Second, I think that change management is one of the most lightly treated skill/process areas by most companies as well as many professional organizations. It's not only about knowing what resources are needed, the buy-in required, the metrics to monitor, and how to respond to unexpected events, but also how or when to say no or yes to a change in the first place. Given how many Process/Business Re-Engineering failures we have seen over the years and the dollars involved (not to mention companies that disappeared as a result), it's a little surprising.
If someone has training material on successful change management, I would be interested.
We do include a module in our Fundamentals of Supply Chain Managment workshop that speaks to change and relationship management, but the topic is too big, too important, too mission-critical to merely do a fly-by on.
A challenge may be that the skills needed to make change management more than the icing on the flavor of the month aren't commonly found in our practitioner community. Our experience has been that teaming change and relationship managment specialists is an effective way of building sustainable change.
To be honest I am not sure that I have ever heard of an "engineering" course that taught Change Management.

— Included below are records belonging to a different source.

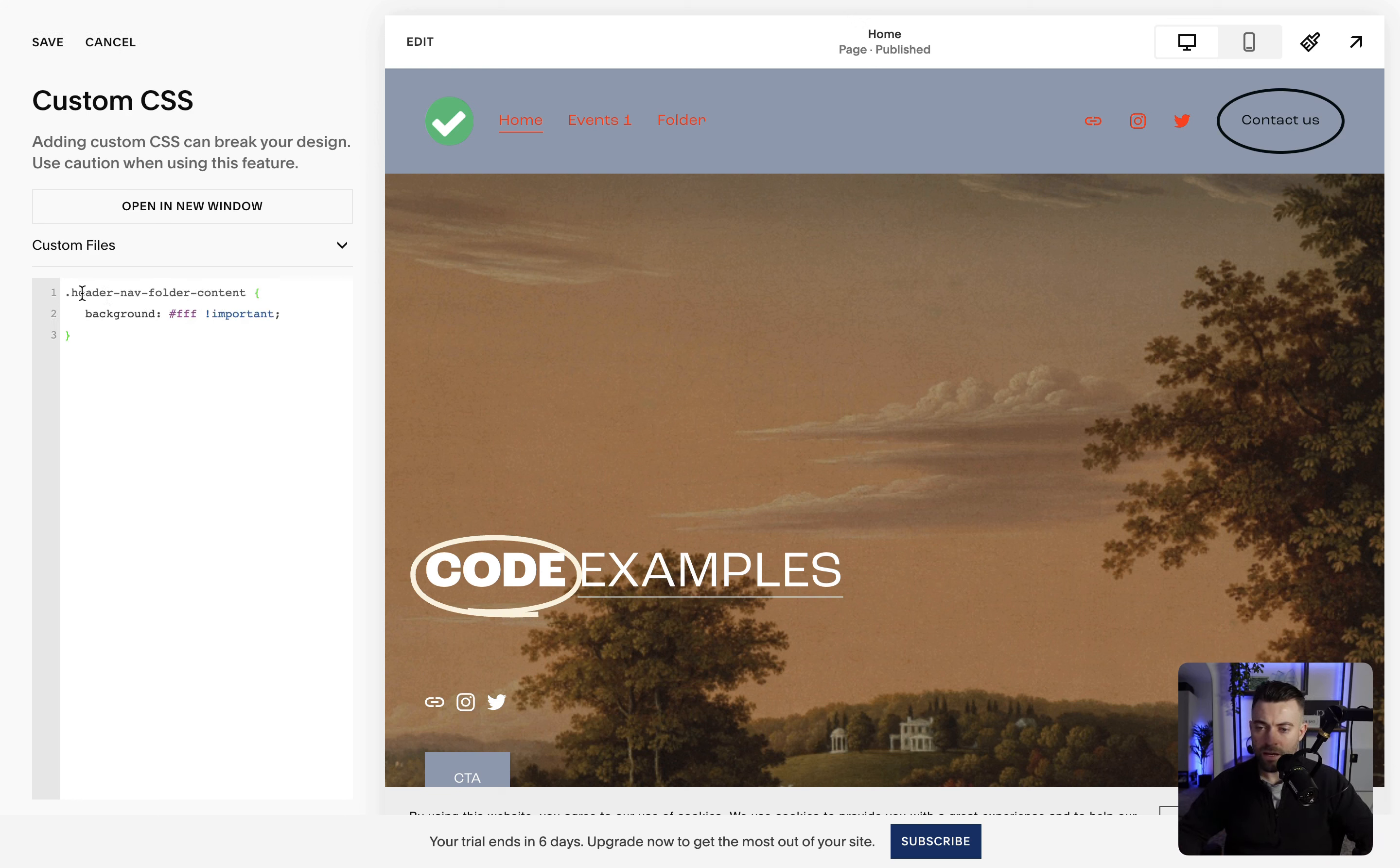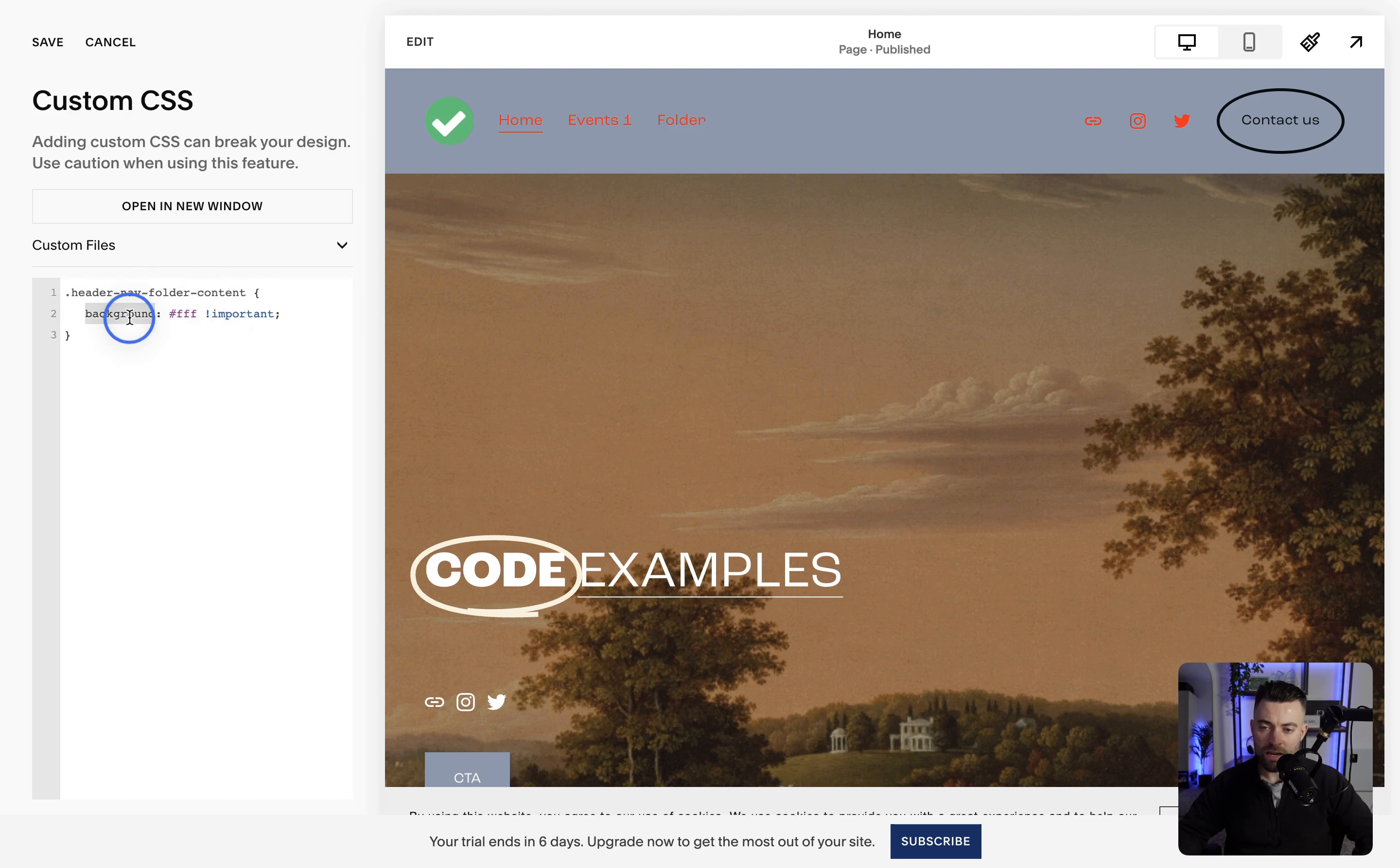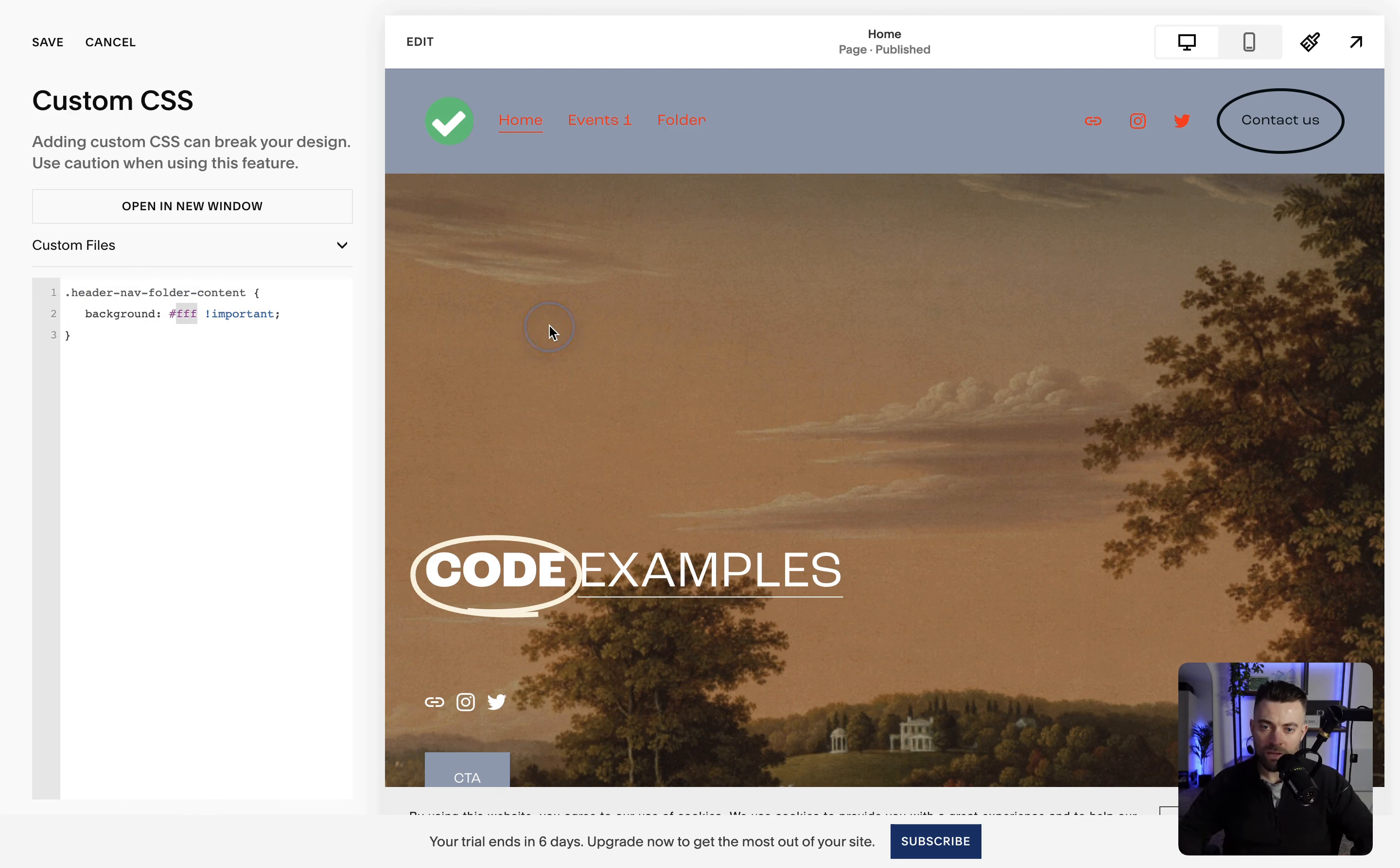And it's just header nav folder content, and then we specify the background. So I'm just saying the background is white. You can change this hex code to be whatever you want. Now when we look at the folder, you can see it's white.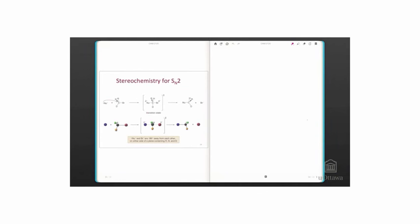Here is an example that demonstrates the inversion of configuration that occurs in SN2 reactions. Here we have some nucleophile, abbreviated NU, the alpha carbon in the middle, and bromine, the good leaving group. The nucleophile reacts with that delta positive alpha carbon, and the bromine leaves.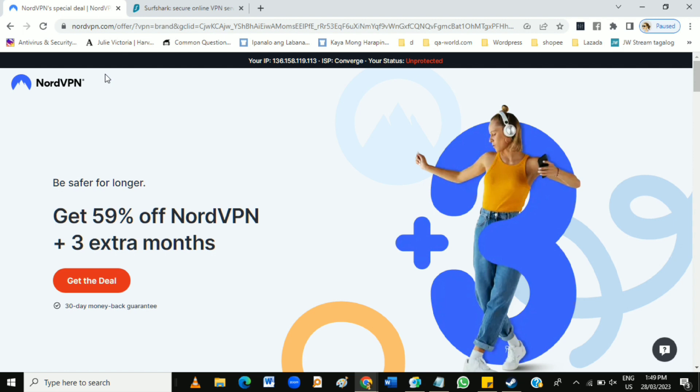What may surprise you is that SurfShark is generally less expensive than NordVPN, particularly if you sign up for a long-term subscription.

Which doesn't mean that they shouldn't, but at no time was I aware of courses in my Chem Eng/Ind Eng/OR degrees that focused on the business processes let alone change management. Perhaps this was just my focus on the quantitative side.
So it is encouraging to hear that this is being incuded in courses these days, though I am presuming that Art's reply captures the depth and completeness of most of these courses very accurately.
To be honest, I really question the value of teaching change management at the undergraduate level. People should have experience before they can even absorb the significance of the task.